A multilocus phylogenetic analysis reveals the monophyly of a recircumscribed papilionoid legume tribe Diocleae with well-supported generic relationships.

Mol Phylogenet Evol 2015 Sep 28;90:1-19. Epub 2015 Apr 28.

Smithsonian Institution, 10th and Constitution Ave, Washington, DC 20013-7012, USA.

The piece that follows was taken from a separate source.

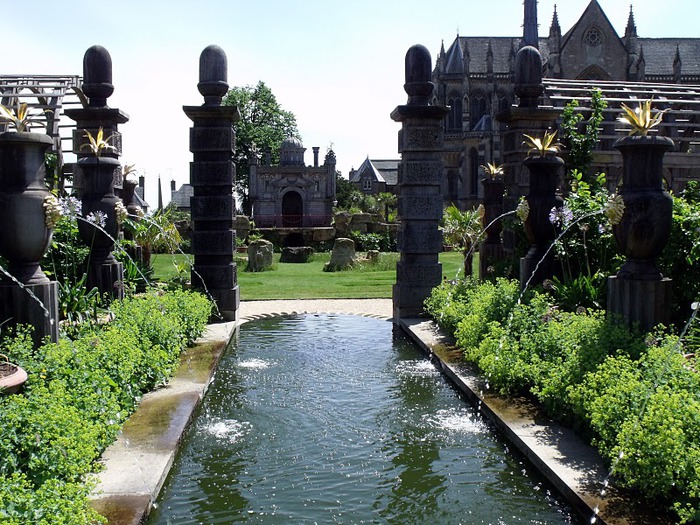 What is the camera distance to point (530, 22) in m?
60.2

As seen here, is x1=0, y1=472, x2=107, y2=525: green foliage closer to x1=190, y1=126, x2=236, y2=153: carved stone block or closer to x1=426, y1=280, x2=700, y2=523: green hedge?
x1=426, y1=280, x2=700, y2=523: green hedge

Deciphering the phylogenetic relationships within the species-rich Millettioid clade has persisted as one of the major challenges in the systematics and evolutionary history of papilionoid legumes (Leguminosae, Papilionoideae). Historically, the predominantly neotropical lianas of subtribe Diocleinae in the Millettioid legumes have been taxonomically tangled together with the largely heterogeneous tribe Phaseoleae. This work presents a comprehensive molecular phylogenetic analysis based on nuclear and chloroplast markers and includes all genera ever referred to Diocleae except for the monospecific Philippine Luzonia, resolving several key generic relationships within the Millettioid legumes. The first of two separate analyses includes 310 matK accessions and strongly supports the reestablishment of tribe Diocleae as a branch of the Millettioid clade. This work sheds greater light on the higher-level phylogeny of Diocleae and allows the recognition of three major lineages: the Canavalia, Dioclea, and Galactia clades. The second set of phylogenetic analyses utilized nuclear (ITS/5.8S and ETS) and plastid (matK and trnT-Y) DNA sequences to reveal (i) the monophyly of Canavalia and Cleobulia; (ii) the monophyly of Bionia with the exclusion of Bionia bella; (iii) the paraphyly of Dioclea with respect to Cleobulia, Cymbosema, and Macropsychanthus; (iv) the paraphyly of Cratylia with respect to the broadly polyphyletic Camptosema; and (v) the polyphyly of Galactia with species scattered widely across the tree.